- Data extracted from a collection
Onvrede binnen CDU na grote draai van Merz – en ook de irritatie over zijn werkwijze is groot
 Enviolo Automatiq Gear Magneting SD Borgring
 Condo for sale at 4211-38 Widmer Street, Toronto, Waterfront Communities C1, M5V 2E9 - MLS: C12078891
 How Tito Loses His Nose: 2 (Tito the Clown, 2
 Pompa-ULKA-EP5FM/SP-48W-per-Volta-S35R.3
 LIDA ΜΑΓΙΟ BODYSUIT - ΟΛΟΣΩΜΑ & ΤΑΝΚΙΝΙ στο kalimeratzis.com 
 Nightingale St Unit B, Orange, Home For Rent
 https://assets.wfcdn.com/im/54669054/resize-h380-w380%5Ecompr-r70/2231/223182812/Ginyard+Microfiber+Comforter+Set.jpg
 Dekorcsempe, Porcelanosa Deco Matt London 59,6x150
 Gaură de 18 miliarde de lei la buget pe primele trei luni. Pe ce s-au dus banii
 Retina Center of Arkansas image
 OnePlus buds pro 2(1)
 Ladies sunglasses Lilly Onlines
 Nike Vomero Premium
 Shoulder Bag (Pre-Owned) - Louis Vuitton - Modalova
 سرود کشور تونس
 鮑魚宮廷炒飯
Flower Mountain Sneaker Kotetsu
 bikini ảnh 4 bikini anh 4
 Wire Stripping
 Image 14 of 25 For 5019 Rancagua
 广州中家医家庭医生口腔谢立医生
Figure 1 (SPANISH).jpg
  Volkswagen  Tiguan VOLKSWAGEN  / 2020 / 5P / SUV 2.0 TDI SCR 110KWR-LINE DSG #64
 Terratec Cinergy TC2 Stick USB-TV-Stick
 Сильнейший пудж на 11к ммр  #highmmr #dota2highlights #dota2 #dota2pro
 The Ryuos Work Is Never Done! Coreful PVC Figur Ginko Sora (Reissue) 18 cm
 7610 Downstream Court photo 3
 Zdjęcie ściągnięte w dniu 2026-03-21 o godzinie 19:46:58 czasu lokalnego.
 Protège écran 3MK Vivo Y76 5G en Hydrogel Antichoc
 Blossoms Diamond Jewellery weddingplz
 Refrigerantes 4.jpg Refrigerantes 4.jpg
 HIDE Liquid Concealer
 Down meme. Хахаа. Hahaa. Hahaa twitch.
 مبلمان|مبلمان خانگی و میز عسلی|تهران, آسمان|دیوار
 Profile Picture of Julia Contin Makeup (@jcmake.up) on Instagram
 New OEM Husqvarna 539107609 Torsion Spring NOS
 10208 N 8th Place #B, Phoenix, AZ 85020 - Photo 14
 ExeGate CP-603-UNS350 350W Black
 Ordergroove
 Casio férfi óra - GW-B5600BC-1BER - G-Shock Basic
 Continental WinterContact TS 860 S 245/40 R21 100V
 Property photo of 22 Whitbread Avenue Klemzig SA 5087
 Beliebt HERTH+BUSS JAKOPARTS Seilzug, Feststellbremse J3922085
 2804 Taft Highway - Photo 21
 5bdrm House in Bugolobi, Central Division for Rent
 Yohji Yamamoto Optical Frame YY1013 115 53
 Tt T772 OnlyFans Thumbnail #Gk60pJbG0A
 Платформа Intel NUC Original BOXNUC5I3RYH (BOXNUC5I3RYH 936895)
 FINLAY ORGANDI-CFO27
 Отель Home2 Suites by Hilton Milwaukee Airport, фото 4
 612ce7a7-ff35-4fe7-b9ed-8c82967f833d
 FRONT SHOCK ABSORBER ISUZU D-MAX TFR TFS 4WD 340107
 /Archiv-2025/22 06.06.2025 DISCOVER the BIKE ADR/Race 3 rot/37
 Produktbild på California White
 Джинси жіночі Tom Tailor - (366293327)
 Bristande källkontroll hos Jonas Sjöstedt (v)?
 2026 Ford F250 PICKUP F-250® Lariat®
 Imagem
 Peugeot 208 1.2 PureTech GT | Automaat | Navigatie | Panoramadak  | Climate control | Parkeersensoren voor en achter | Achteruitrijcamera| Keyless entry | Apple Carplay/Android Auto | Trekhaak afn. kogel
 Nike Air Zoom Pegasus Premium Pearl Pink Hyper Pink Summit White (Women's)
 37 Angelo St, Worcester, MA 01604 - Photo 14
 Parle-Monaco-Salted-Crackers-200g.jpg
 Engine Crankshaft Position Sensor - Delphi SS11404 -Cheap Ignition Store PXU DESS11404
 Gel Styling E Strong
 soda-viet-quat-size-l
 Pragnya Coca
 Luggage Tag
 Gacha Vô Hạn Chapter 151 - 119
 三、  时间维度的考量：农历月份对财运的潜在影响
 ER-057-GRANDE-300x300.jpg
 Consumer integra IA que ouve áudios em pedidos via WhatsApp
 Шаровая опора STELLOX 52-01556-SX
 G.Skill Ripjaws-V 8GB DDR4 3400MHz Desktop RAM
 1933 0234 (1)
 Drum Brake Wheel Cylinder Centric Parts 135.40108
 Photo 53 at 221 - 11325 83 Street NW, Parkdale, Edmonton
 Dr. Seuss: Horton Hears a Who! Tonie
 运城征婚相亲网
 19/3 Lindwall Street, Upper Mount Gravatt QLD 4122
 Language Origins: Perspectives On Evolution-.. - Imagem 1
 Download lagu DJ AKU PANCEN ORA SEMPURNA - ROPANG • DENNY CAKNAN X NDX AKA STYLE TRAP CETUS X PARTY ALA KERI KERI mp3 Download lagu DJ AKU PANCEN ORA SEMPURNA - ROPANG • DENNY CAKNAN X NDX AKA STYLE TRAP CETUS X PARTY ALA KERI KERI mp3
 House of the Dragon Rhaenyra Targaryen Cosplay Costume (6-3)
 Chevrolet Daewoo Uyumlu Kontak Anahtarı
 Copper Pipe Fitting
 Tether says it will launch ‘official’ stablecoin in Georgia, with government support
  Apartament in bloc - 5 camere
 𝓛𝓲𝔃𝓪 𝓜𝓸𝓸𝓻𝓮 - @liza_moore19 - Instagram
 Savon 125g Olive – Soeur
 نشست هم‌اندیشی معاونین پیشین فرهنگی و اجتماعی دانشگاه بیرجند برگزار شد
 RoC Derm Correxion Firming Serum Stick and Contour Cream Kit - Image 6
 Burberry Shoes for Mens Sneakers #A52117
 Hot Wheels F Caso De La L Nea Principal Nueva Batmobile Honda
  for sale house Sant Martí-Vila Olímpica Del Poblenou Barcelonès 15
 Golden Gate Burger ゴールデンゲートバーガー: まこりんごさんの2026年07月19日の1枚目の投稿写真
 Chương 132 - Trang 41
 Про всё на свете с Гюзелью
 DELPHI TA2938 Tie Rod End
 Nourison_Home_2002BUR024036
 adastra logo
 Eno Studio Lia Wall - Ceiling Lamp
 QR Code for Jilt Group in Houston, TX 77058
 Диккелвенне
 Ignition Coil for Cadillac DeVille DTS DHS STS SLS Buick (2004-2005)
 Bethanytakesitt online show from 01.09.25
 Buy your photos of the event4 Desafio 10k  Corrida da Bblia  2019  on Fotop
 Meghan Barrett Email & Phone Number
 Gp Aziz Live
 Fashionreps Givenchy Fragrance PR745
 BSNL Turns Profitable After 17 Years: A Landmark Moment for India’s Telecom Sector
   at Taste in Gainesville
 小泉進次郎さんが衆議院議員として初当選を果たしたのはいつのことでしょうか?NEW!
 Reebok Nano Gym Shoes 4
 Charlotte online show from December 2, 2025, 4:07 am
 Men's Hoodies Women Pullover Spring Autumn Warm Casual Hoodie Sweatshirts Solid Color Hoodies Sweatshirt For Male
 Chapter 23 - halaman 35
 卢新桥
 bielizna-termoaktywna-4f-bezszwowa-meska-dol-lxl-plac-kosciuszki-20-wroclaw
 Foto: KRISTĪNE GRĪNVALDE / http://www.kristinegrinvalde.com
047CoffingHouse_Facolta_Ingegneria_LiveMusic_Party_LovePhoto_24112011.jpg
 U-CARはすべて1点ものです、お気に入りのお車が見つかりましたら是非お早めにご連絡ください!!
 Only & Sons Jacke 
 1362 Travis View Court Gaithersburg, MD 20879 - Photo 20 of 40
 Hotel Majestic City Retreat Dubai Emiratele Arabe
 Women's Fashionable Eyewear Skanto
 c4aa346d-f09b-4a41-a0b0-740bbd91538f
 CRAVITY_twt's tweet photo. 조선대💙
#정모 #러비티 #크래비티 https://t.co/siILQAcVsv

- Task statement
Above are some records; copy each line there that contains "Spring".

- The answer
 New OEM Husqvarna 539107609 Torsion Spring NOS
 Men's Hoodies Women Pullover Spring Autumn Warm Casual Hoodie Sweatshirts Solid Color Hoodies Sweatshirt For Male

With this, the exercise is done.